# Pictures with short captions
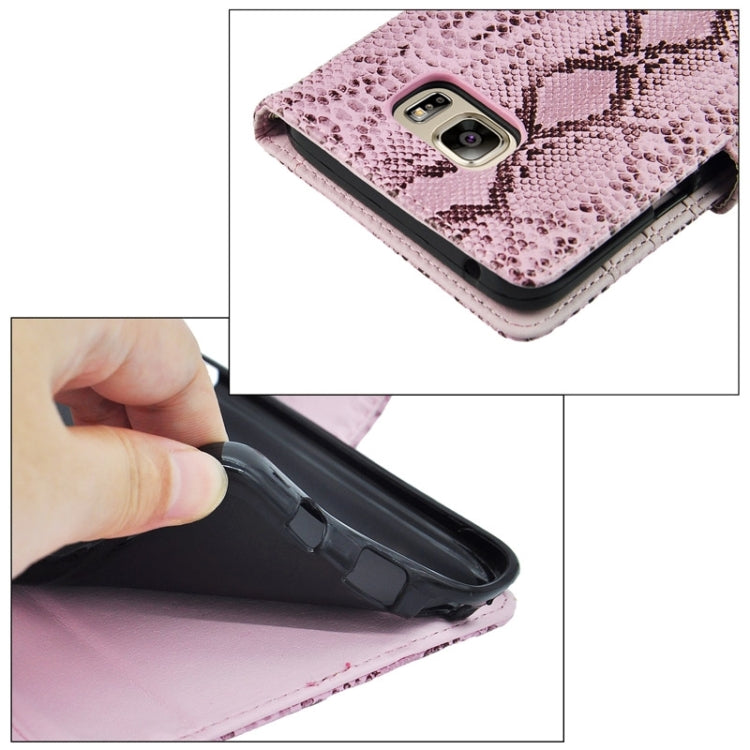 Ultra-thin Snake Texture PU + TPU Horizontal Flip Leather Case with Holder & Card Slots & Wallet for Galaxy Note 5 / N920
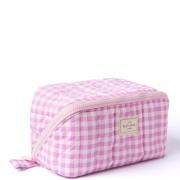 The Flat Lay Co. Marshmallow Flat Lay Makeup Box Bag - Pink Gingham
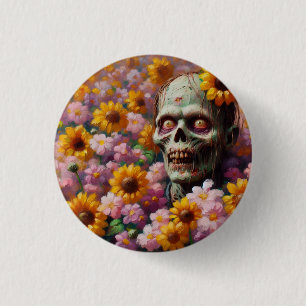 Ölgemälde von Zombie im Halloween-Blume Button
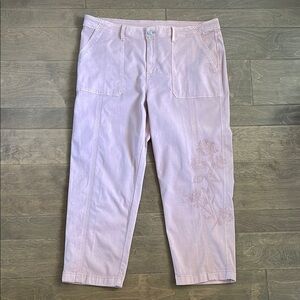 Chico’s Powder Pink Twill Ankle Pants Embroidered Size 16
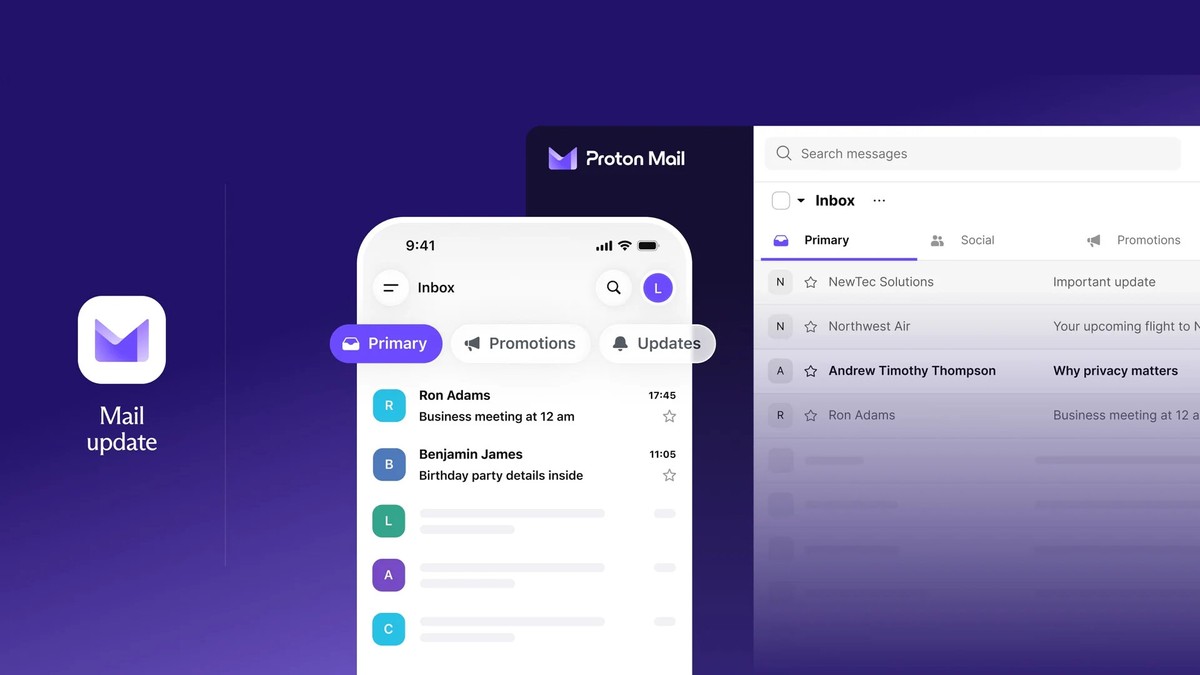 Proton Mail lança categorias dinâmicas para competir com Gmail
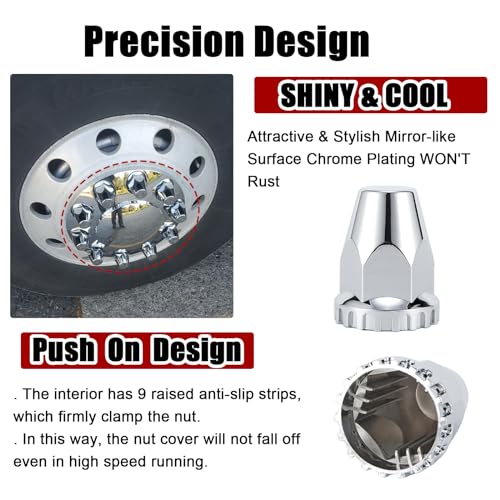 Cabtherlyn 33mm x 2 7/8" Lug Nut Covers Push-On Standard, ABS Chrome Plastic Lug Nut Cover for Semi Trucks Trailers, 20 Pack - Image 2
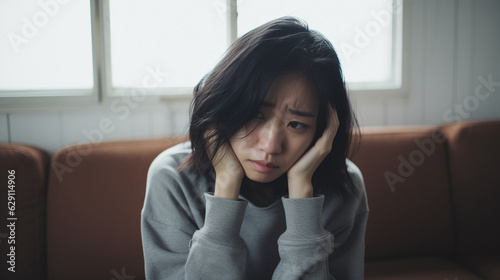 悩んでいるアジア人女性
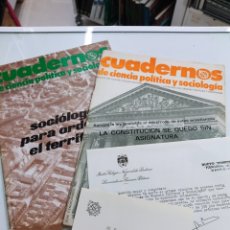 Coleccionismo de Revistas y Periódicos: REVISTA CUADERNOS DE CIENCIA POLITICA Y SOCIOLOGIA Nº 1 Y 2 LA CONSTITUCION 1980 BOLETIN TRANSICION. Lote 337343613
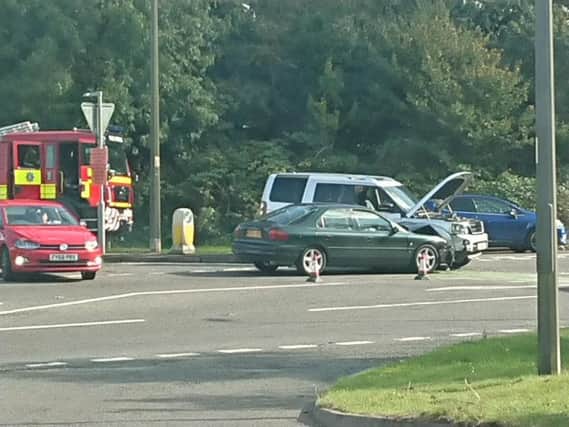 Scene of the accident along the A16 in Spilsby.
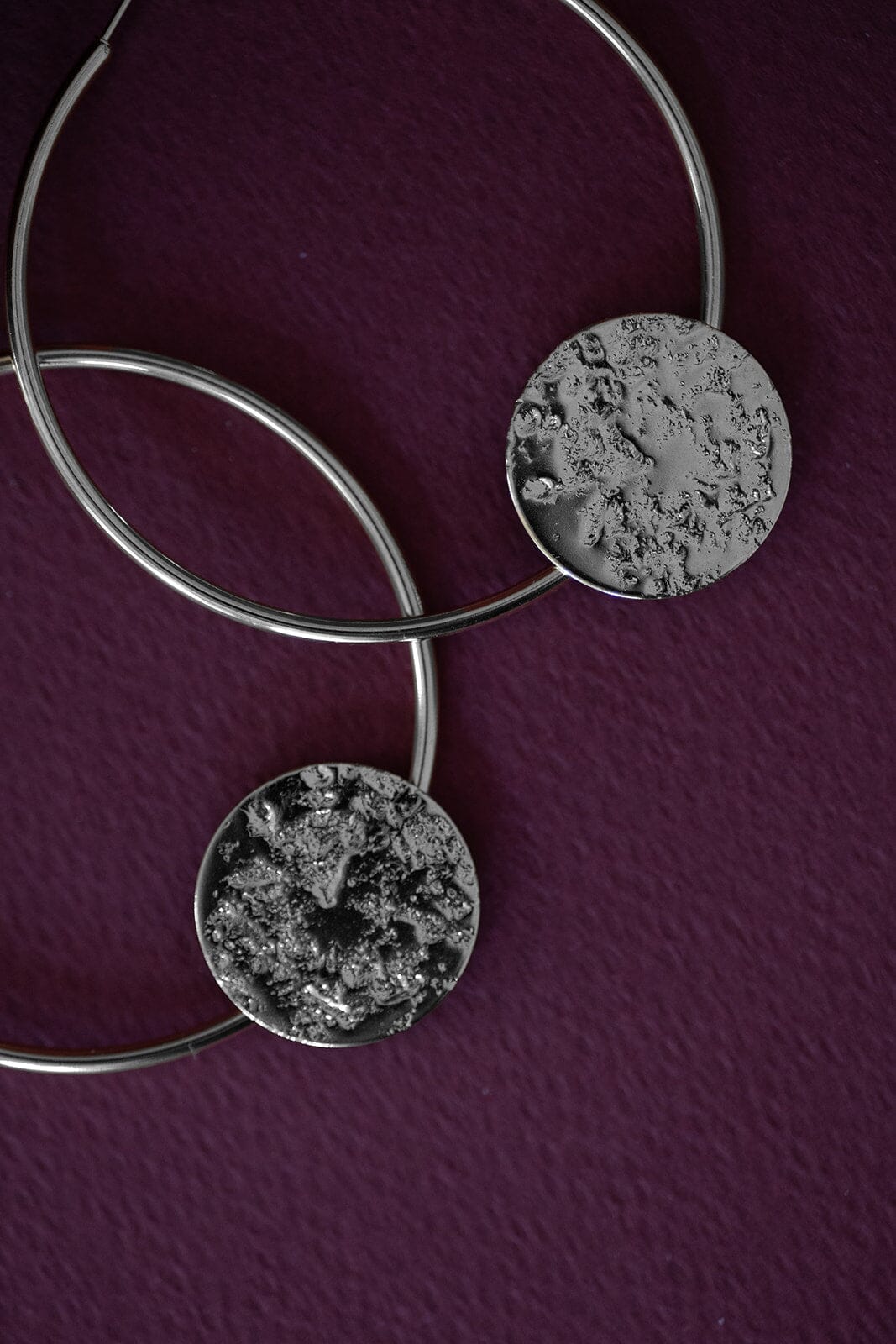 Créoles Hestia Argent Ronds Martelés Boucles d'Oreilles Monsieur Simone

# TASK DIRECTIONS
Could you set down every record above exactly as written, leaving out the pictures?

# EXERCISE OUTPUT
 Ultra-thin Snake Texture PU + TPU Horizontal Flip Leather Case with Holder & Card Slots & Wallet for Galaxy Note 5 / N920
 The Flat Lay Co. Marshmallow Flat Lay Makeup Box Bag - Pink Gingham
 Ölgemälde von Zombie im Halloween-Blume Button
 Chico’s Powder Pink Twill Ankle Pants Embroidered Size 16
 Proton Mail lança categorias dinâmicas para competir com Gmail
 Cabtherlyn 33mm x 2 7/8" Lug Nut Covers Push-On Standard, ABS Chrome Plastic Lug Nut Cover for Semi Trucks Trailers, 20 Pack - Image 2
 悩んでいるアジア人女性
 Coleccionismo de Revistas y Periódicos: REVISTA CUADERNOS DE CIENCIA POLITICA Y SOCIOLOGIA Nº 1 Y 2 LA CONSTITUCION 1980 BOLETIN TRANSICION. Lote 337343613
 Scene of the accident along the A16 in Spilsby.
 Créoles Hestia Argent Ronds Martelés Boucles d'Oreilles Monsieur Simone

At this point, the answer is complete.